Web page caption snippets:
━━━━

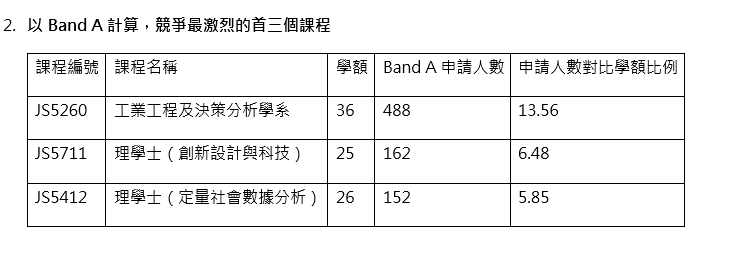 螢幕擷取畫面 2026 07 21 162811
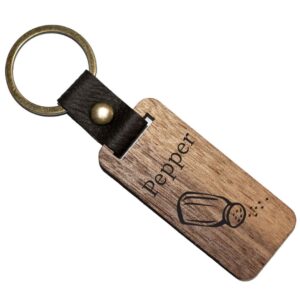 Μπρελόκ  - Pepper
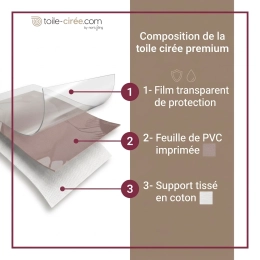 Toile cirée premium VERA2 Multi - largeur 140 cm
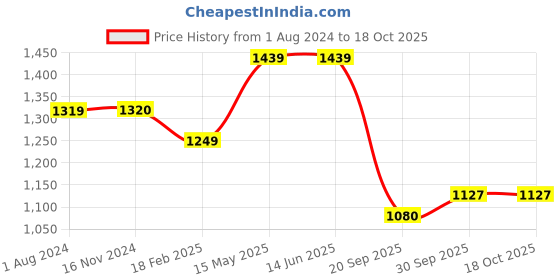 tatacliq.com Elle Women's Rose Gold Casual Stilettos elle Price History Graph from 1 Aug 2024 to 18 Oct 2025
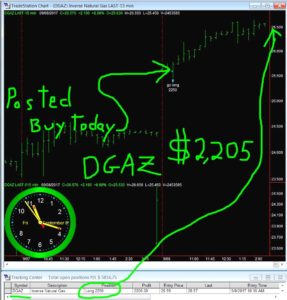 DGAZ-29-287x300 Friday September 8, 2017, Today Stock Market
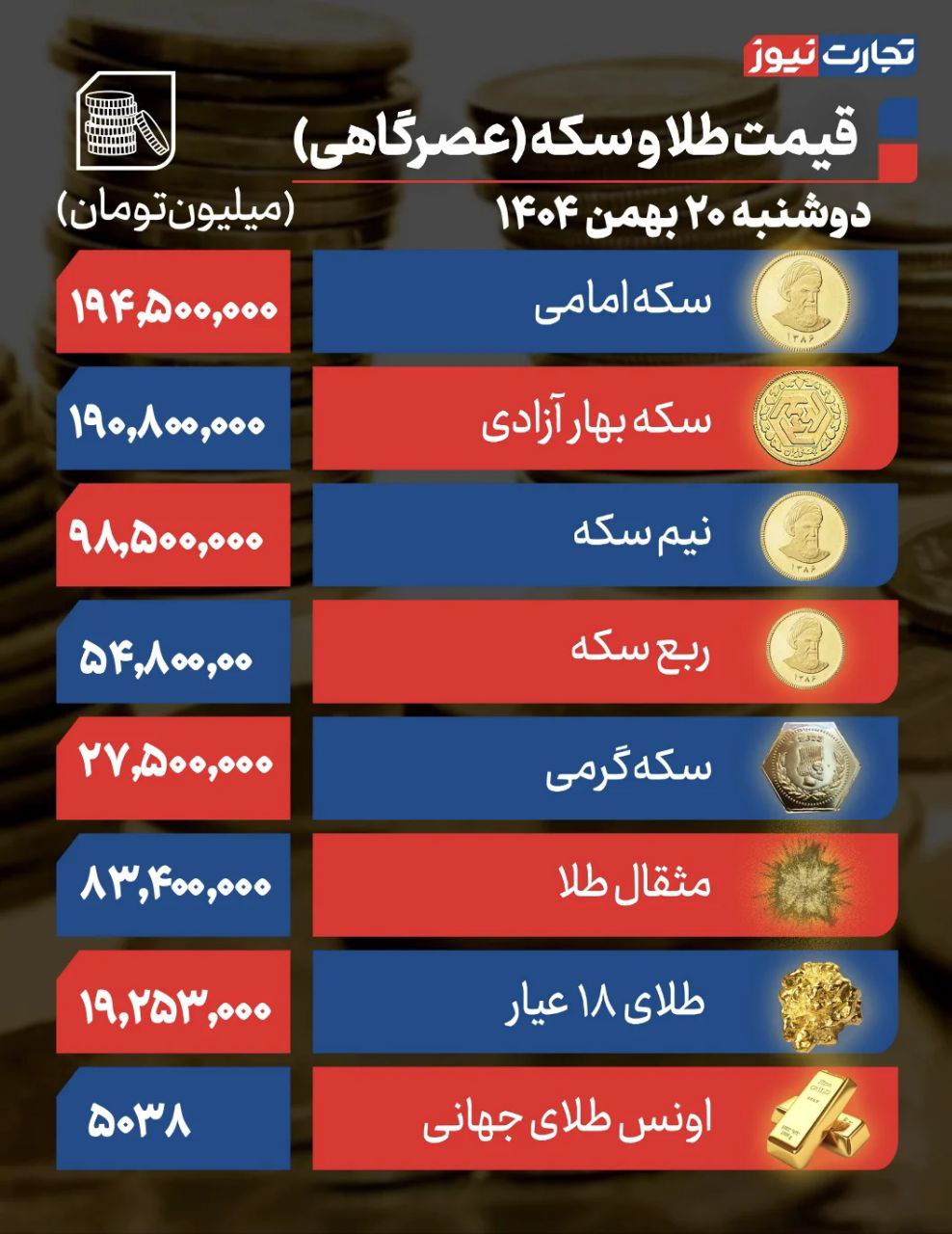 قیمت طلا و سکه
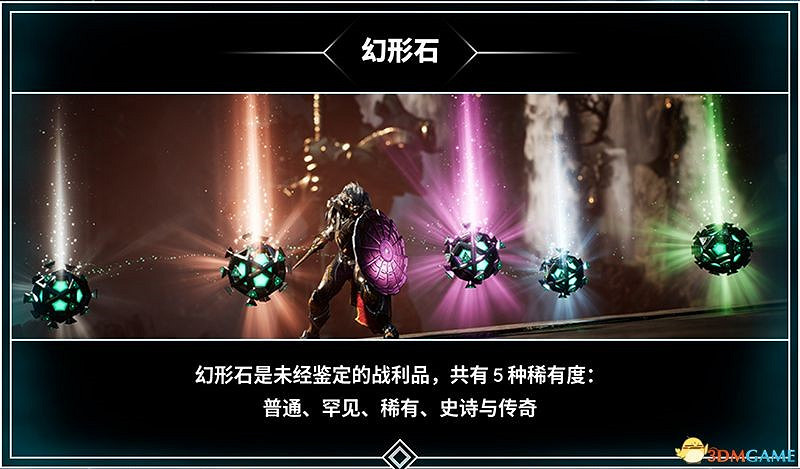 《眾神殞落》全方位上手圖文攻略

━━━━

▸ **Instructions for the task**: Retype every entry exactly as written. Leave the pictures out.

▸ **Answer to this exercise**:
 螢幕擷取畫面 2026 07 21 162811
 Μπρελόκ  - Pepper
 Toile cirée premium VERA2 Multi - largeur 140 cm
 tatacliq.com Elle Women's Rose Gold Casual Stilettos elle Price History Graph from 1 Aug 2024 to 18 Oct 2025
 DGAZ-29-287x300 Friday September 8, 2017, Today Stock Market
 قیمت طلا و سکه
 《眾神殞落》全方位上手圖文攻略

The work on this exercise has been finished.